Step 1: Start With the Declarations Page Request
The declarations page is the summary sheet of any insurance policy. It lists the named insured, coverage types, and per-occurrence limits. In most states, you can request the declarations page directly from the insurer under a reservation of rights letter or via a coverage inquiry letter sent simultaneously with your representation letter.
Key information to look for: per-occurrence limit, aggregate limit, self-insured retention (SIR), and whether an umbrella endorsement is noted.
Step 2: Run a Corporate Structure Analysis
When the at-fault party is a business, the liability picture becomes significantly more complex. Corporations often maintain multiple insurance policies: a commercial general liability (CGL) policy, a commercial auto policy, an umbrella policy, and potentially a professional liability or excess liability policy stacked above the umbrella.
Start by pulling the corporate filing documents, identifying the parent entity, and checking whether the parent maintains a master insurance program that covers subsidiaries.

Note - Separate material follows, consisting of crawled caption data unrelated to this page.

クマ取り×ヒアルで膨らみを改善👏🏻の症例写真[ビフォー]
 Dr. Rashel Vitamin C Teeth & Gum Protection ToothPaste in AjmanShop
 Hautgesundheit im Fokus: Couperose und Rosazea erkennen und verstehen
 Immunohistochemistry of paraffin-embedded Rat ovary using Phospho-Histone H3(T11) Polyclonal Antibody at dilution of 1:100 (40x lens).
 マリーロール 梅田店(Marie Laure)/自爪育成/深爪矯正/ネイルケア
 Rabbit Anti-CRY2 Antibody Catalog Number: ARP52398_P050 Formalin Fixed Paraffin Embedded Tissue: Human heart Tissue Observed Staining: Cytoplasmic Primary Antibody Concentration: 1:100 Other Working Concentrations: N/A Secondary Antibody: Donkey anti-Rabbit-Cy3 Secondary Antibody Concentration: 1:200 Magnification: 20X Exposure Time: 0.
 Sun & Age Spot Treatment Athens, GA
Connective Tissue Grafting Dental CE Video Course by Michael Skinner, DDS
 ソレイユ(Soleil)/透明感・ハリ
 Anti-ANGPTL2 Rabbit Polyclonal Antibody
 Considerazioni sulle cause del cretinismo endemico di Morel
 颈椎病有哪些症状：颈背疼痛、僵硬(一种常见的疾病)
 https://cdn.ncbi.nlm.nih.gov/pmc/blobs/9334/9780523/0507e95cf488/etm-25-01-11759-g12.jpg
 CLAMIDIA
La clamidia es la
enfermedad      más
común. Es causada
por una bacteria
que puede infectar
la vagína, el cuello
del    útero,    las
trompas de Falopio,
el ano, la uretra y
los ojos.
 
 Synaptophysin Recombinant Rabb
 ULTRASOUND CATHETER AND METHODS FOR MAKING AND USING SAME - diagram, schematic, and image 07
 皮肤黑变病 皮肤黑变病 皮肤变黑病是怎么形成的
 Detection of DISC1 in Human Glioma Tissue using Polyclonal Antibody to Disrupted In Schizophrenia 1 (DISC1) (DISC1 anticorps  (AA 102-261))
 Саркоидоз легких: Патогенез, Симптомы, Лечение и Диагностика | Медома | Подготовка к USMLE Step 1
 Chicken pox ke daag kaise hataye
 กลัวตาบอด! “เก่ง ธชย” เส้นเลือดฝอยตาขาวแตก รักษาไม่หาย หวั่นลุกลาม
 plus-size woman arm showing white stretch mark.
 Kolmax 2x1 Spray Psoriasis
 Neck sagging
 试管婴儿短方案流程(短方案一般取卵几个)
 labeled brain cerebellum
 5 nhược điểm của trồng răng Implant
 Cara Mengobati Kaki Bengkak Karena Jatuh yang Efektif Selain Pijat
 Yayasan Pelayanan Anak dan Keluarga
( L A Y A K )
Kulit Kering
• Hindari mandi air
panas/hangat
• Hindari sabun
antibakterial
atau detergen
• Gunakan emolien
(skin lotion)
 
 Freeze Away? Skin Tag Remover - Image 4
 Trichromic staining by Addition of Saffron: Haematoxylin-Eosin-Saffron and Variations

Step 3: Search for Umbrella and Excess Policies
Umbrella policies are the most commonly overlooked coverage layer. A defendant with a $100,000 auto liability policy may also carry a $1 million personal umbrella — but the umbrella carrier will never call you. Systematic discovery requires direct outreach to brokers, review of financial statements for publicly traded defendants, and structured follow-up with the primary carrier about known excess layers.
Step 4: Use the Apex Research Platform
Modern plaintiff firms use dedicated research platforms to automate the initial coverage inquiry, track responses, and escalate when insurers stall. The Apex Research Platform submits structured coverage requests to carriers within 24 hours of case intake, logs every response, and flags cases where responses are incomplete or contradictory.
Conclusion
Policy limit discovery is not a one-time inquiry — it's a process that unfolds over the life of the case. Firms that treat it systematically consistently outperform those that rely on whatever the adjuster volunteers. With the right process and technology partner, hidden coverage becomes much harder to hide.